[Collection entries]
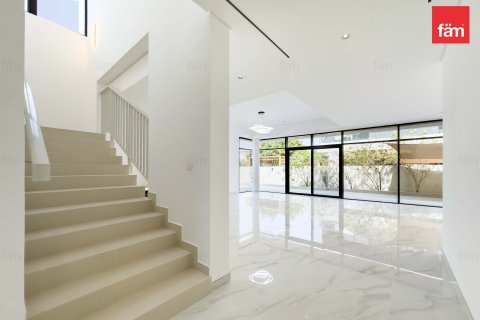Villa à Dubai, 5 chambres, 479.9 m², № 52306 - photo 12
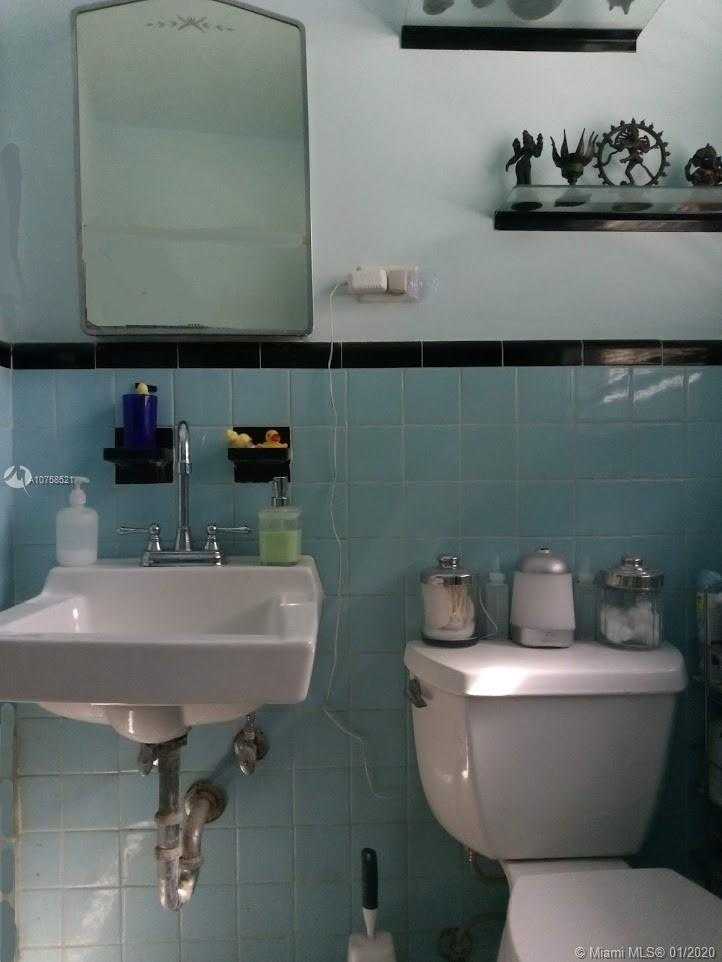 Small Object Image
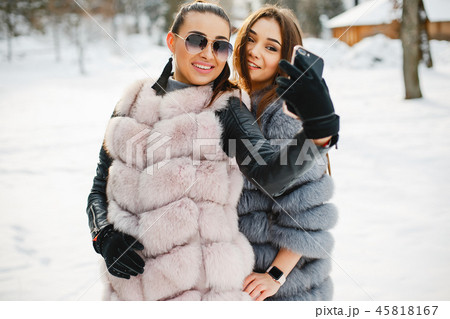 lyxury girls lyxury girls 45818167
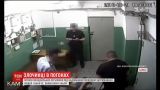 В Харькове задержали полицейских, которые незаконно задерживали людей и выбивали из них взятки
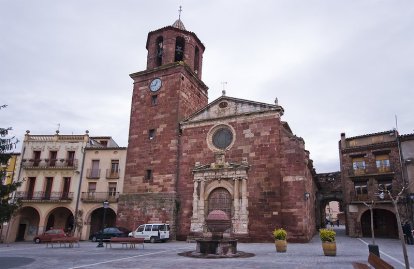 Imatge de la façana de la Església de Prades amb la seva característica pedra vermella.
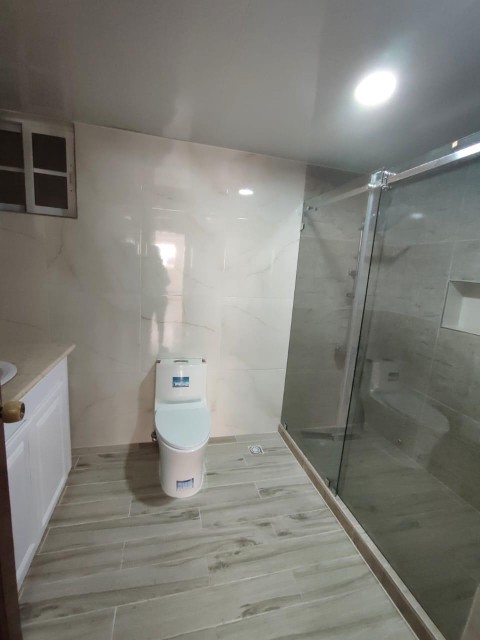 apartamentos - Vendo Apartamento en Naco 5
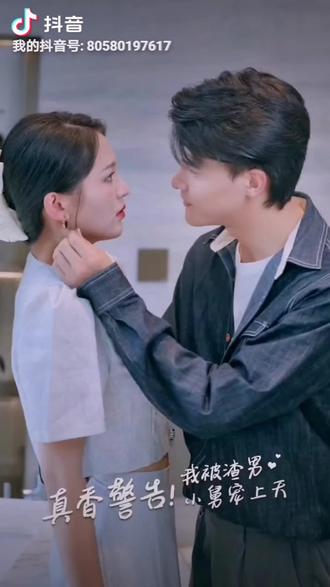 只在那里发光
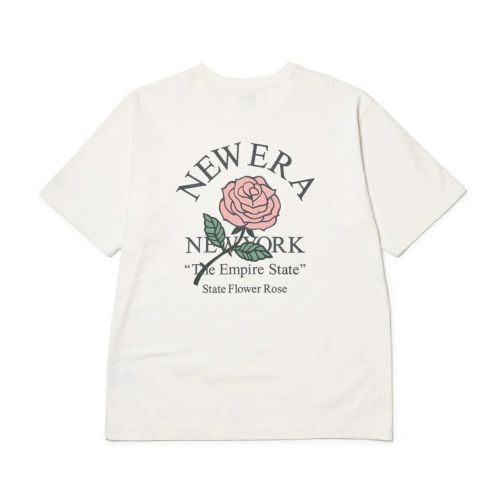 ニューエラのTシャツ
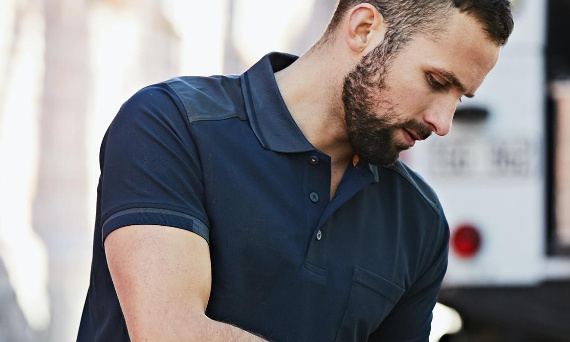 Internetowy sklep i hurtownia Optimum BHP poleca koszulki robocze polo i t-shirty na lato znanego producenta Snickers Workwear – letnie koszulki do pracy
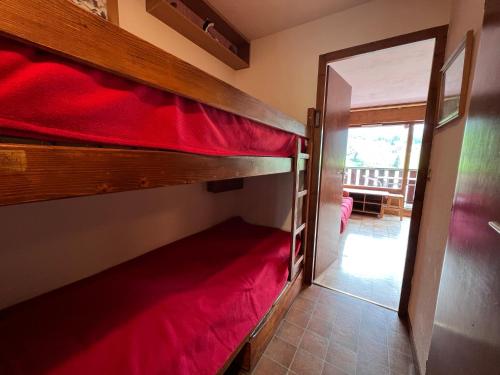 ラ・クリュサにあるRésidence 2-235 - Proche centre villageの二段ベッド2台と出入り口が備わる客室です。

ACTIVITY – Retype every entry exactly as written. Leave the pictures out.

YOUR SOLUTION –
Villa à Dubai, 5 chambres, 479.9 m², № 52306 - photo 12
 Small Object Image
 lyxury girls lyxury girls 45818167
 В Харькове задержали полицейских, которые незаконно задерживали людей и выбивали из них взятки
 Imatge de la façana de la Església de Prades amb la seva característica pedra vermella.
 apartamentos - Vendo Apartamento en Naco 5
 只在那里发光
 ニューエラのTシャツ
 Internetowy sklep i hurtownia Optimum BHP poleca koszulki robocze polo i t-shirty na lato znanego producenta Snickers Workwear – letnie koszulki do pracy
 ラ・クリュサにあるRésidence 2-235 - Proche centre villageの二段ベッド2台と出入り口が備わる客室です。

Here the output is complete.